理系脳で紐解く日本の古代史

既存の古代史に挑戦!技術と交通インフラを軸に紀元前2世紀頃から6世紀頃までの古代史を再考する!

141 丹波・丹後の豪族


   <阿蘇海と天橋立>

 前回は日向諸県君氏について詳述しましたが、今回は、これまでも繰り返し触れてきた「丹波・丹後の豪族」を取り上げます(第69回・82回・95回・96回・110回ブログで言及した)。
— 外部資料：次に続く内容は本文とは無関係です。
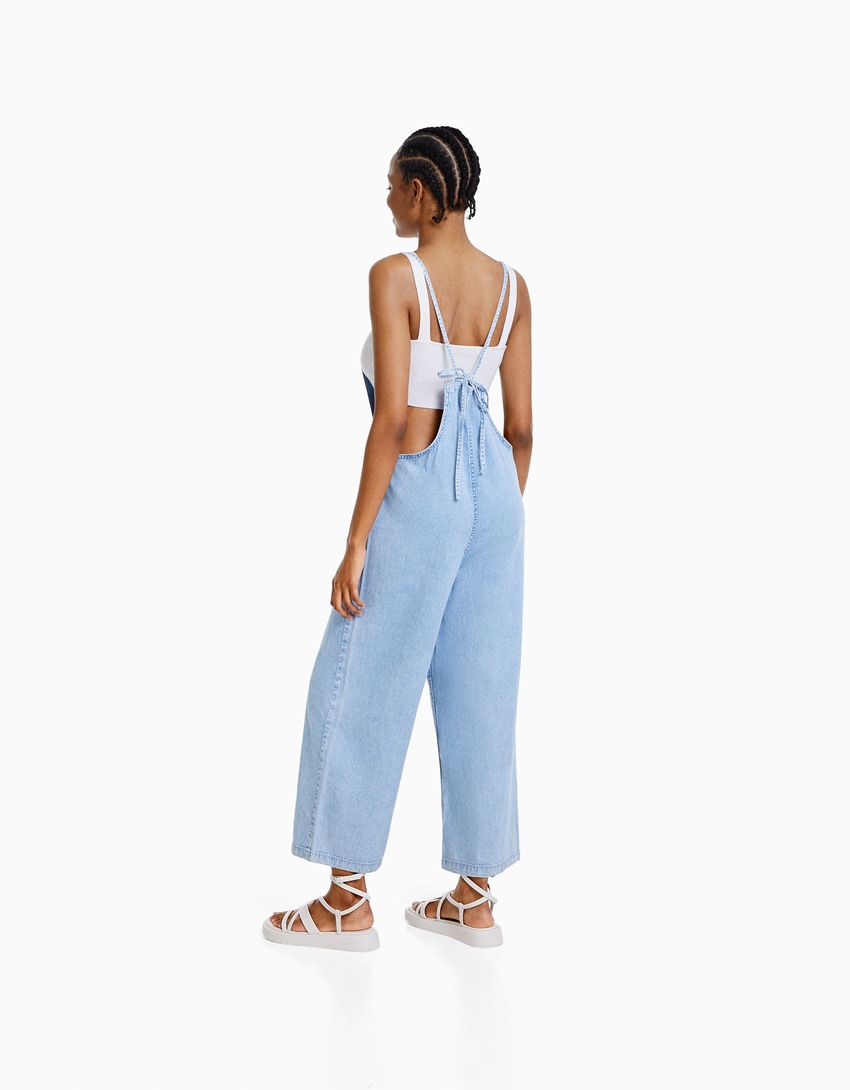 Macacão jeans com alças finas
 ただし過去の内容は、ヤマト王権の歴史に付随して言及したため、断片的で一貫性がありませんでした。今回、これらを連結して「丹波・丹後地域の豪族」として、3世紀頃から5、6世紀頃までを通史的に纏めなおしてみます。

丹波・丹後王国の勢力範囲
 丹後国は713年に丹波国から分離しますが、その丹波も当初は旦波(たにわ)と呼ばれていました。当ブログでは、学術的ではないが便宜上、大宮町を中心とし久美浜までを含む丹後半島のほぼ全域をカバーする範囲を丹後と呼ぶことにします。
 丹後には、弥生時代から発祥した幾つかの「クニ」を母体に、3世紀の終わりから5世紀にかけて、王国とも呼ぶべき一大勢力が確かに存在しました。その勢力範囲は下図の通り。


 <金久与市氏の著作に追記>

 

伝承にみる丹後の豪族
 まず『記・紀』の記事や伝承から確認してみます。
 第9代開化から第11代垂仁の時代に、ヤマト国と丹後国(丹波)との間にいくつかの婚姻譚四道将軍の物語が見られます。
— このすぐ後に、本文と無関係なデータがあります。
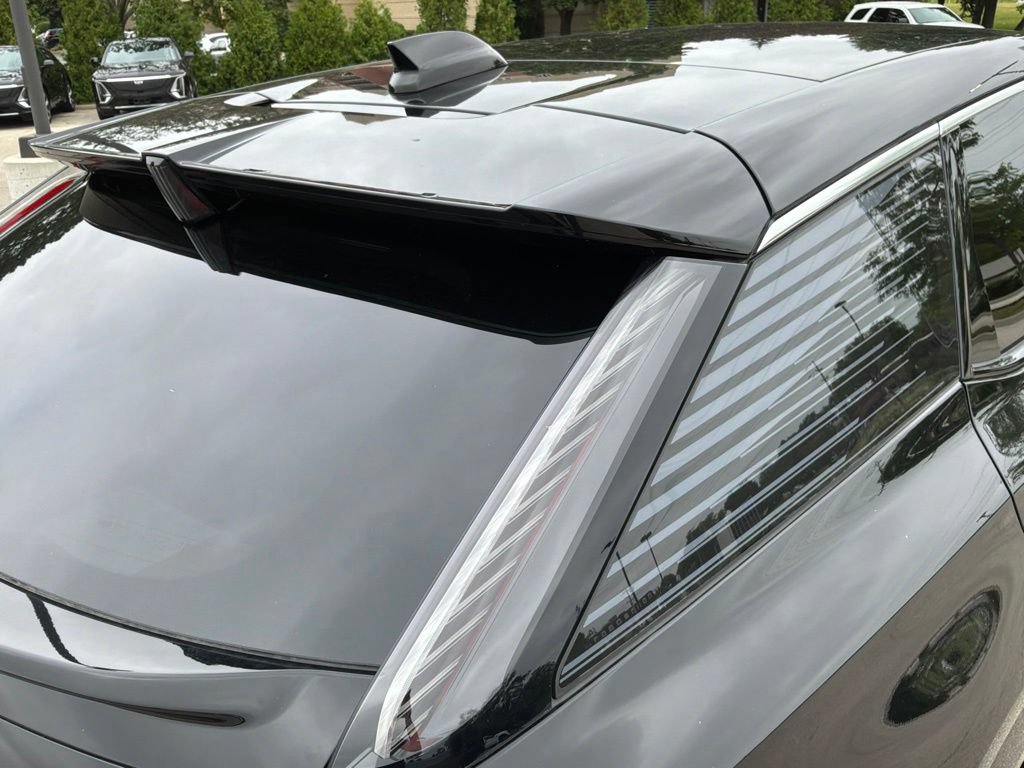 New 2027 Cadillac Optiq Luxury AWD/4WD image 17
 丹波の大県主(あがたぬし)由碁理(ゆごり)の女(むすめ) 竹野媛(たかのひめ)が第9代、開化の妃となっている。

 開化と竹野媛の子が日子坐王(ひこいますのきみ)。

 崇神が、日子坐王と子の丹波道主命(たにわのちぬし)を四道将軍として旦波国に派遣し、青葉山中に棲みつく玖賀耳之三笠(くがみみのみかさ)を首領とする土蜘蛛を討ち、玖賀耳之三笠は大江山に逃げ込んだ。

 タニワノチヌシ(丹波道主)が、丹波の河上摩須郎女(かわかみますのいらつめ)との間にもうけた狭穂比売(さほひめ)は、垂仁の皇后となり、次いで狭穂比売の遺言によってタニワノチヌシの女、日葉酢媛(ひばすひめ)が第11代、垂仁の皇后となり、第12代、景行を生む(『記・紀』の間で記述に差異あり)。
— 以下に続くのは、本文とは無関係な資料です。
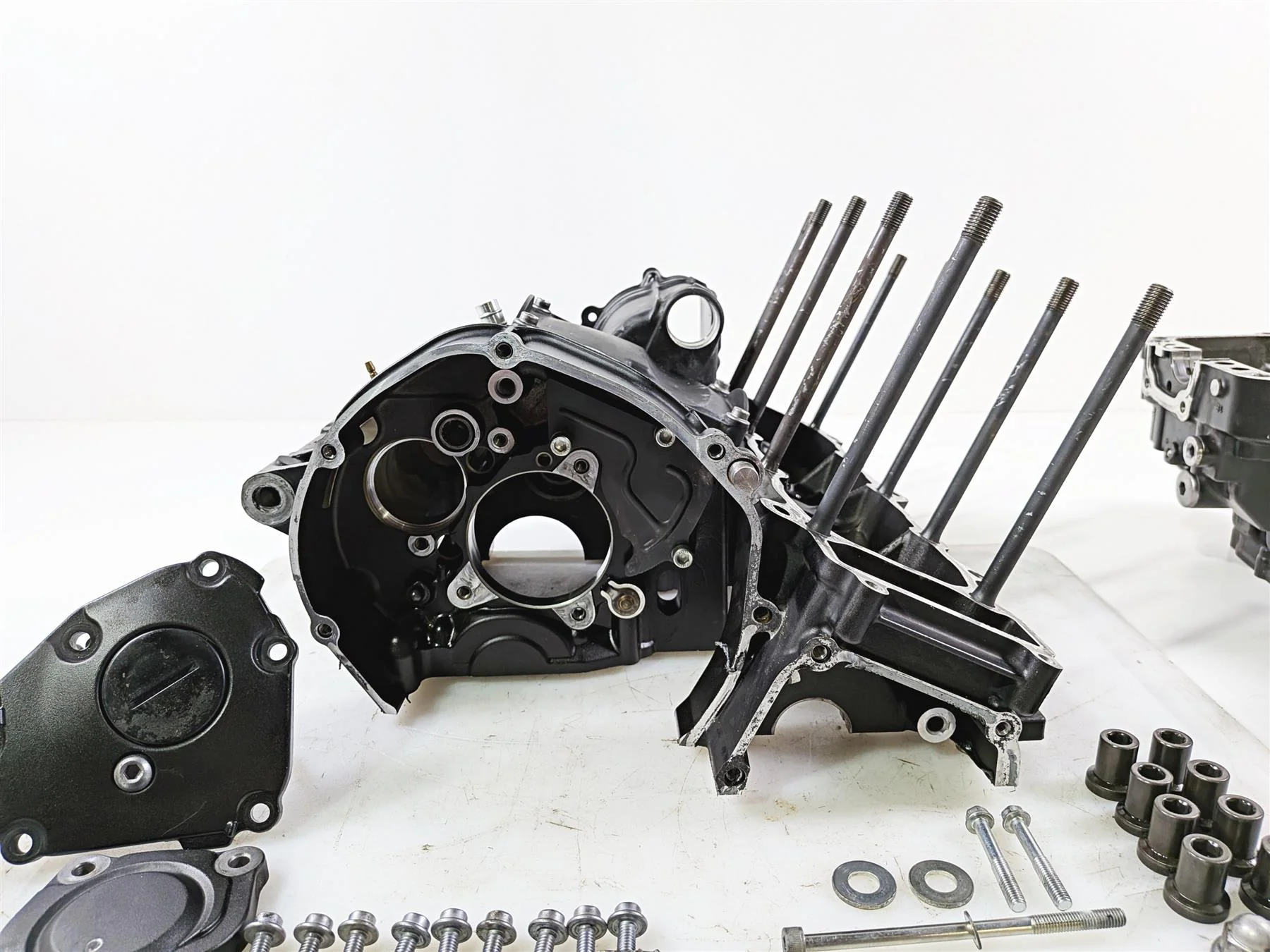 2008 Yamaha YZF R1 RN19 Engine Crank Case Set N516E 4C8-15100-00-00 4C8-15100-19 - Image 12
 日子坐王の子の山代之大筒木真若王が丹波能阿治佐波毘売を娶り、その3世孫が神功につながる。この系譜は、丹波と南山城との濃密な関係を暗示している。

 以上のように、伝承では日子坐王を祖とする一族はヤマト国や南山城と深い姻戚関係をもち、丹波でも一大勢力を誇っています。先に述べた四道将軍の物語によれば、タニワノチヌシはヤマト国が派遣した後に丹波に定着したようにも思えます。

 しかし、むしろ「丹波道」という名を冠していることから、もともと丹波土着の有力な首長だったタニワノチヌシをヤマト王権の勢力拡大ストーリーの中に取り込んだものと考えた方が理屈にあいますが、真実は藪の中です。

 以上の伝承の内容はどこまでが史実なのでしょうか。
 開化・日子坐王という名前の人物が本当に実在したかどうか、これは誰にも証明できないでしょうね。
 そもそも筆者は、闕史八代(けっしはちだい)の存在に否定的(第81回ブログ)なので、開化から始まるこれらの系譜自体に疑問を持っています。四道将軍の物語も虚構と考えます(第96回ブログ)。
 ただ、これらの伝承に疑問を持ちつつも、3~5世紀の丹後地域に(名は知れずとも)大きな勢力が存在したことは確かでしょう。タニワノチヌシはそのような丹後勢力の伝説的な祖先と言えるのではないでしょうか。
 『記・紀』には丹後に関する記述がとりわけ多いことから、ヤマト王権と丹後の間に密接な関係があったことだけは間違いないでしょう。

 

丹後地域と大和地域の繋がり
 判然としないことが多いのですが、これらの伝承は大和と丹後との古くからの結びつきを象徴する物語と言えそうです。
 6、7世紀頃の政権中央は、両地域の間には古くからの通交があり、丹後の文化・宗教・技術の影響を受けてきたことを認識しており、それが『記・紀』の記述につながったものと思われます。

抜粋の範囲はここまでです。